Julien hoche la tête. Alexis nous écoute avec attention : l'exemple de mon ami lui fait prendre conscience de cette réalité : la difficulté à maintenir une activité pourtant peu lucrative, mais essentielle, dans un village comme le nôtre. Je poursuis, tout en sachant que j'aborde une question délicate :

- Julien, surtout, si tu as besoin d'un petit coup de main, tu me dis. Ne va pas te mettre un crédit sur le dos pour acheter le camion !

- Je sais, Layla, tu m'as assez engueulé comme ça, sourit-il.

En moi-même, je soupire : ouf, il le prend bien et fait même un peu d'humour. Je poursuis alors sur le même ton, pour bien faire passer le message :

- Donc, on est bien d'accord. Si tu y tiens vraiment, ce sera un prêt à taux zéro, que tu me rembourseras quand tu en auras les moyens.

- Ca marche. On en reparlera. Mais j'aimerais bien démarrer l'an prochain, au printemps. Dès l'été, je pourrai venir sur le marché ici, aussi. Enfin, je verrai.

- Tu as commencé à prospecter ? demande Alexis que je sens bien intéressé par notre discussion.

- Oui, bien sûr. J'ai rencontré les élus des différentes communes, tout le monde pense que c'est une bonne idée. Je m'installerai sur une place durant une demi-journée par village et en priorisant le matin.

- Ca ne paraît pas délirant, dit Alexis.

- Et les charges sont moins importantes avec un camion que pour une boutique.

- C'est juste.

Je hoche la tête : je suis bien d'accord et je pense que ce serait une bonne chose pour Julien. Il ne le dit pas, mais travailler à Saint-Etienne-de-Fontbellon, outre le fait que ce soit en supermarché et que cela ne lui corresponde pas vraiment, cela lui fait des frais de déplacement non négligeables. Aller et retour tous les jours au sud d'Aubenas, ce n'est pas rien : et il ne dépensera pas plus à faire une tournée en camion par ici. Peut-être même un peu moins.

**

Nous sommes revenus aux Auches hier soir et Alexis a passé la soirée et la nuit avec moi. Il est reparti ce matin, en descendant à pied à travers la châtaigneraie. On a convenu que je passerai le chercher vers 18h pour aller ce soir à la fête qui se déroule au château de Craux. C'est une des dernières fêtes de l'été dans les alentours, avec les petits marchés estivaux et quelques animations qui se dérouleront encore à Vals jusqu'à la fin août. Ca sent déjà la fin des vacances. Je m'efforce de ne pas trop y penser, mais vendredi arrivera vite. Serge doit venir me récupérer de bonne heure pour partir à Bordeaux où j'ai prévu de passer quatre jours avant de remonter sur Paris mardi et de reprendre le travail mercredi prochain. J'en profiterai pour passer à l'usine de Libourne lundi.

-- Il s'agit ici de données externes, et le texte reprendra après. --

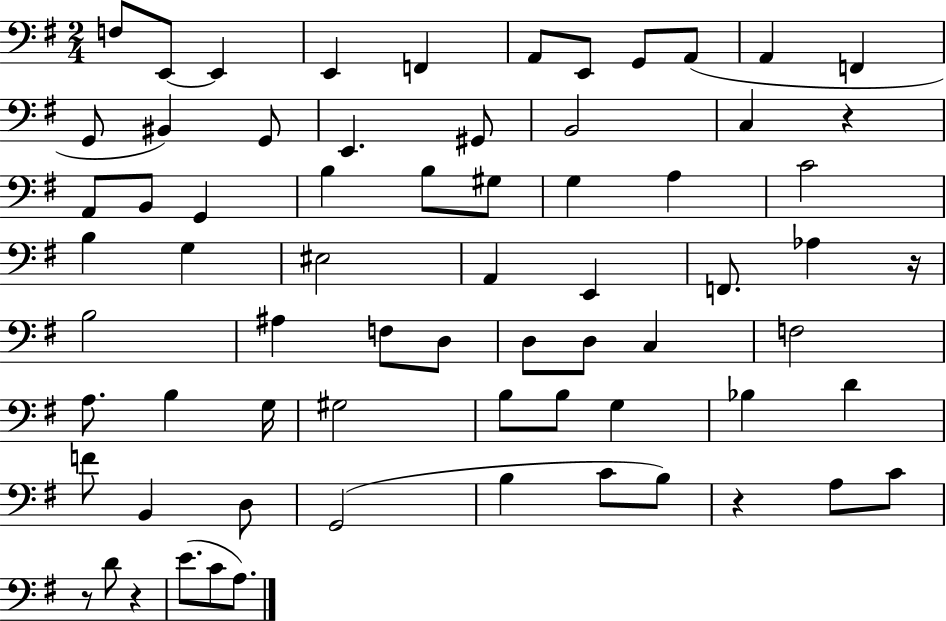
F3/e E2/e E2/q E2/q F2/q A2/e E2/e G2/e A2/e A2/q F2/q G2/e BIS2/q G2/e E2/q. G#2/e B2/h C3/q R/q A2/e B2/e G2/q B3/q B3/e G#3/e G3/q A3/q C4/h B3/q G3/q EIS3/h A2/q E2/q F2/e. Ab3/q R/s B3/h A#3/q F3/e D3/e D3/e D3/e C3/q F3/h A3/e. B3/q G3/s G#3/h B3/e B3/e G3/q Bb3/q D4/q F4/e B2/q D3/e G2/h B3/q C4/e B3/e R/q A3/e C4/e R/e D4/e R/q E4/e. C4/e A3/e.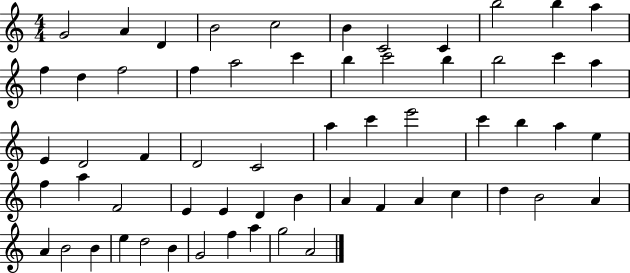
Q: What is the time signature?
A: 4/4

Certes, je suis heureuse de revoir mes parents et mes neveux à cette occasion, d'avoir quelques fous rires avec ma sœur et de me moquer gentiment de mon grand frère. Mais je sais que je vais laisser plus que ce que je laisse d'habitude ici.

Beaucoup plus.

Pour chasser ces pensées un peu sombres, je m'active. La vaisselle de la veille et celle du jour, une lessive à étendre. J'en relance une avec les affaires de la salle de bain et me prépare pour le soir. Robe d'été, petite veste au cas où, même si cela m'étonnerait qu'elle serve. Je prévois aussi un peu d'argent pour faire quelques achats là-bas : il y a toujours des petits producteurs locaux qui viennent et on pourra manger sur place.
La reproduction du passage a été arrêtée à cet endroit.